The audit report lists the percentage of complete records for each field, along with the number of valid, null, and blank values. You can choose to impute missing values for specific fields as appropriate, and then generate a SuperNode to apply these transformations.

  1. In the Impute Missing column, specify the type of values you want to impute, if any. You can choose to impute blanks, nulls, both, or specify a custom condition or expression that selects the values to impute.

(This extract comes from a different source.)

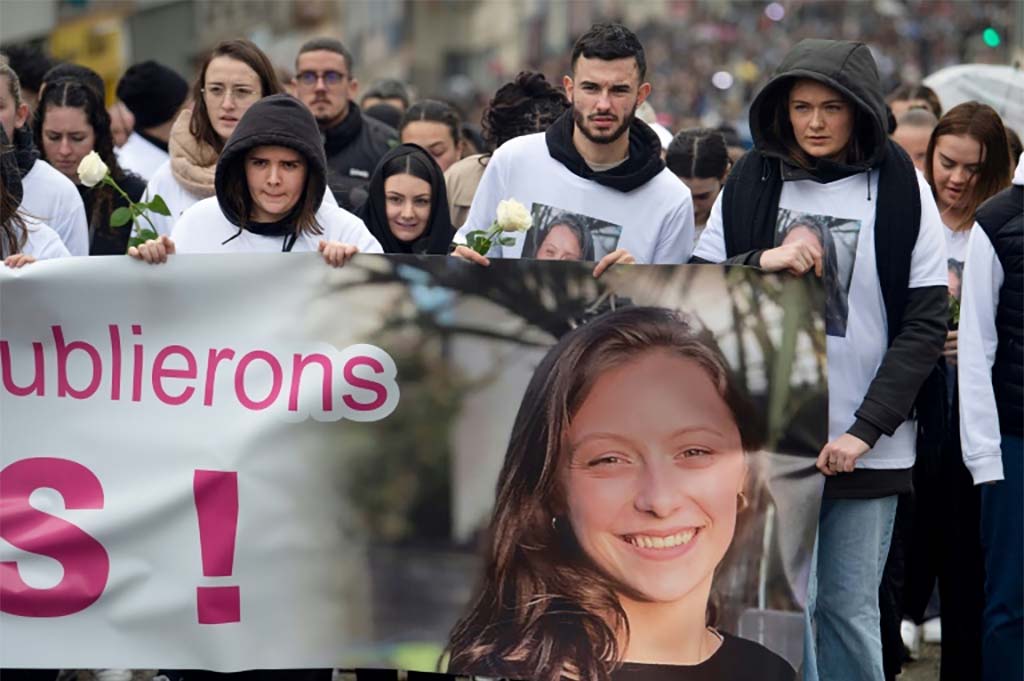 «Nous ne t'oublierons jamais» : 6000 personnes réunies à Brest pour rendre hommage à Héléna Cluyou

    There are several types of missing values recognized by IBM® SPSS® Modeler:

    • Null or system-missing values. These are nonstring values that have been left blank in the database or source file and have not been specifically defined as "missing" in a source or Type node. System-missing values are displayed as $null$. Note that empty strings are not considered nulls in IBM SPSS Modeler, although they may be treated as nulls by certain databases.
    • Empty strings and white space. Empty string values and white space (strings with no visible characters) are treated as distinct from null values. Empty strings are treated as equivalent to white space for most purposes. For example, if you select the option to treat white space as blanks in a source or Type node, this setting applies to empty strings as well.
    • Blank or user-defined missing values. These are values such as unknown, 99, or –1 that are explicitly defined in a source node or Type node as missing. Optionally, you can also choose to treat nulls and white space as blanks, which allows them to be flagged for special treatment and to be excluded from most calculations. For example, you can use the @BLANK function to treat these values, along with other types of missing values, as blanks.
  2. In the Method column, specify the method you want to use.

    The following methods are available for imputing missing values:

    Fixed. Substitutes a fixed value (either the field mean, midpoint of the range, or a constant that you specify).

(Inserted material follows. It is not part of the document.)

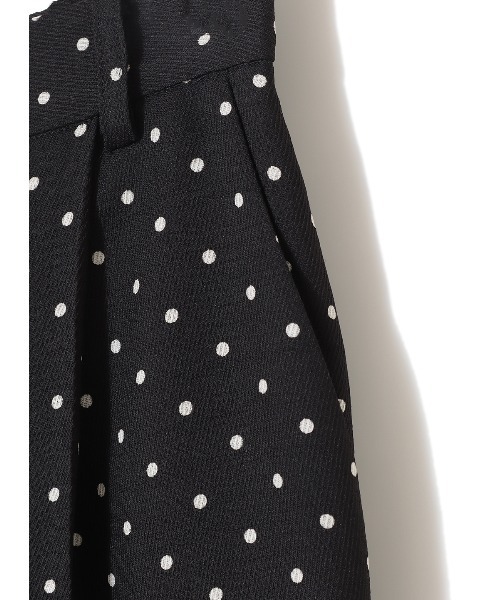 COEL（コエル）の「ドットタックパンツ（スラックス・レディース・ホワイト/ブラック・38/36）」の12枚目の写真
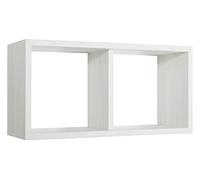 MODULARREDO | MORGANA MAXI Mensola da Muro, Libreria Sospesa, Libreria da Parete, Scaffale da Parete, Rovere Sbiancato, 70x35 p23.7 cm, Kit Tasselli Inclusi - Made in Italy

    Random. Substitutes a random value based on a normal or uniform distribution.

    Expression. Allows you to specify a custom expression. For example, you could replace values with a global variable created by the Set Globals node.

    Algorithm. Substitutes a value predicted by a model based on the C&RT algorithm. For each field imputed using this method, there will be a separate C&RT model, along with a Filler node that replaces blanks and nulls with the value predicted by the model. A Filter node is then used to remove the prediction fields generated by the model.

  3. To generate a Missing Values SuperNode, from the menus choose:

    Generate > Missing Values SuperNode

    The Missing Values SuperNode dialog box is displayed.

  4. Select All fields or Selected fields only, and specify a sample size if desired. (The specified sample is a percentage; by default, 10% of all records are sampled.)
  5. Click OK to add the generated SuperNode to the stream canvas.
  6. Attach the SuperNode to the stream to apply the transformations.

Within the SuperNode, a combination of model nugget, Filler, and Filter nodes is used as appropriate. To understand how it works, you can edit the SuperNode and click Zoom In, and you can add, edit, or remove specific nodes within the SuperNode to fine-tune the behavior.